Restructuring charges of about $9.5 million are anticipated for write-down of equipment and leasehold improvements, severance cost and rent, to be recorded during the first half of 2008.

News of restructuring efforts:

Steris (Mentor, Ohio) reported initiating a program to boost profits and improve efficiency by generating annual operating savings of about $30 million.

The company expects to cut its salary and benefits expenditures by "reducing management layers" — though not reporting the number of staff cutbacks — "eliminating redundancies and consolidating functions where appropriate."

Other savings are anticipated to come from reduction in indirect overhead expenses through reduced consumption of goods and services and consolidation of service providers.
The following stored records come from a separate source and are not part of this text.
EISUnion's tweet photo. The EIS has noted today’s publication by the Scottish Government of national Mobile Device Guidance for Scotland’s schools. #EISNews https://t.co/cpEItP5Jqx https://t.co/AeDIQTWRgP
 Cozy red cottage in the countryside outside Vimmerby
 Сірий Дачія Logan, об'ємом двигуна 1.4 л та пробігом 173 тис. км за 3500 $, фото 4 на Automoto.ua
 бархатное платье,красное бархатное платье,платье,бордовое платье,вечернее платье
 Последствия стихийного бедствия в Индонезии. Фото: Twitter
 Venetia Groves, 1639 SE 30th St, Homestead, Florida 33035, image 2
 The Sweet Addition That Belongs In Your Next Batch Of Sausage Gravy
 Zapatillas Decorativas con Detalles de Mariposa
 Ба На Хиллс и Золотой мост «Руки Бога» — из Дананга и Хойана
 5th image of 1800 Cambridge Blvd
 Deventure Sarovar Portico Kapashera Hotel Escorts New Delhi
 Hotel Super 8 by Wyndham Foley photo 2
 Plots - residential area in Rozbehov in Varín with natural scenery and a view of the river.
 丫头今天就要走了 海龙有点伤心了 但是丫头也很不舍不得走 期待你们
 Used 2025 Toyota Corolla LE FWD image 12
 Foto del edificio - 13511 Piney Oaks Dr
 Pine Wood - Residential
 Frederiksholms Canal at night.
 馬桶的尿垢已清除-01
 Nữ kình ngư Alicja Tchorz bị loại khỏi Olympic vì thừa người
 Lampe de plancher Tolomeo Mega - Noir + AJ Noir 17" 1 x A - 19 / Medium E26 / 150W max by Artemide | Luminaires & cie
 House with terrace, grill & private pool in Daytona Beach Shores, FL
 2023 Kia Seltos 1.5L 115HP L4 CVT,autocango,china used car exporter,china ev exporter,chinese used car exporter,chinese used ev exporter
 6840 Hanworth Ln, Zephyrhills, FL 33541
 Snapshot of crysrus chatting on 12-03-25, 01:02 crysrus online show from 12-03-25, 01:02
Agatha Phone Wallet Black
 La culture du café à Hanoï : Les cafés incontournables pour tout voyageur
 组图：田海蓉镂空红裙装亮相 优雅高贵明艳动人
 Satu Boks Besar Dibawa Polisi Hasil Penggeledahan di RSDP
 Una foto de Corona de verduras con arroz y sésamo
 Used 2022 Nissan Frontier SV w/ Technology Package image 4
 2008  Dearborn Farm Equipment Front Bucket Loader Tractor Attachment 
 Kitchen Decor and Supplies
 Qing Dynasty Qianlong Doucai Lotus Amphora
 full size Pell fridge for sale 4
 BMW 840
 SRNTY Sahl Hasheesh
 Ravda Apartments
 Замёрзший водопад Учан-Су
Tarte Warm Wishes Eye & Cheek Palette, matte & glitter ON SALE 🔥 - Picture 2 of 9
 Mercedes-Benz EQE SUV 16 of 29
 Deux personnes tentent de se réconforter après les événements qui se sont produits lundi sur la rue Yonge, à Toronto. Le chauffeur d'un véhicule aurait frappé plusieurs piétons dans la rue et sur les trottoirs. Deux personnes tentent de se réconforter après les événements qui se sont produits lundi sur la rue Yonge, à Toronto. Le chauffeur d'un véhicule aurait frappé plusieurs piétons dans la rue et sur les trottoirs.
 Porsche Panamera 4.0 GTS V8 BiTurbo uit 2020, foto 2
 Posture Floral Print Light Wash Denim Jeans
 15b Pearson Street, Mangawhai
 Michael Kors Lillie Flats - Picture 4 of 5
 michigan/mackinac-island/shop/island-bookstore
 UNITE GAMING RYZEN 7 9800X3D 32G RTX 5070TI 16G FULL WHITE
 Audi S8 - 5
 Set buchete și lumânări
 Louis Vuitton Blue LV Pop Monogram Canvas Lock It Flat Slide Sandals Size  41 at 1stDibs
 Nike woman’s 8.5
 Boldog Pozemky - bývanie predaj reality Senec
The company said that the program and estimated savings reflects a focus on North American operations but that other cost reductions will be identified in international operations It will incur a pre-tax charge of about $15 million during the quarter ended March 31, 2008, related to severance benefits and asset write-downs. Excluding the charge, the company reiterated its previously reported earnings range of $1.30 to $1.35 per diluted share for FY08. The company anticipates 50% to 70% of operating expense savings during its fiscal year ending March 31, 2009, with more details on expected FY09 performance provided on May 7.

"[I]t is important that we re-shape the operating model of the company to drive profitable growth," said Walt Rosebrough, president/CEO of Steris. He praised the contributions of employees dismised but said that the comopany must "become more disciplined with our overhead expenditure levels, which ... have increased at a faster pace than revenues ...."

Steris develops infection prevention, decontamination and health science technologies, products and services

• And Synergetics USA (O'Fallon, Missouri), a maker of microsurgery devices, said it will close its Philadelphia plant and merge the operations and production of generator products into its plant in O'Fallon Missouri. The company said the move is part of its strategy to improve product and component integration and increase operational efficiencies at all levels.

The Philadelphia plant currently has 25 employees, and the company said it will record non-recurring, pre-tax severance and related costs associated with this action, about $400,000, with the majority of these being cash costs. Ongoing annual cost savings from the closing are expected to be about $1.5 million, or 5 cents a share.

Dr. Jerry Malis will remain as chief scientific officer and will lead five engineers and technicians in the further development of Malis generators, while providing, the company said, "technical continuity."

Synergetics manufacures instruments for vitreoretinal, neurosurgery and ear, nose and throat surgeries.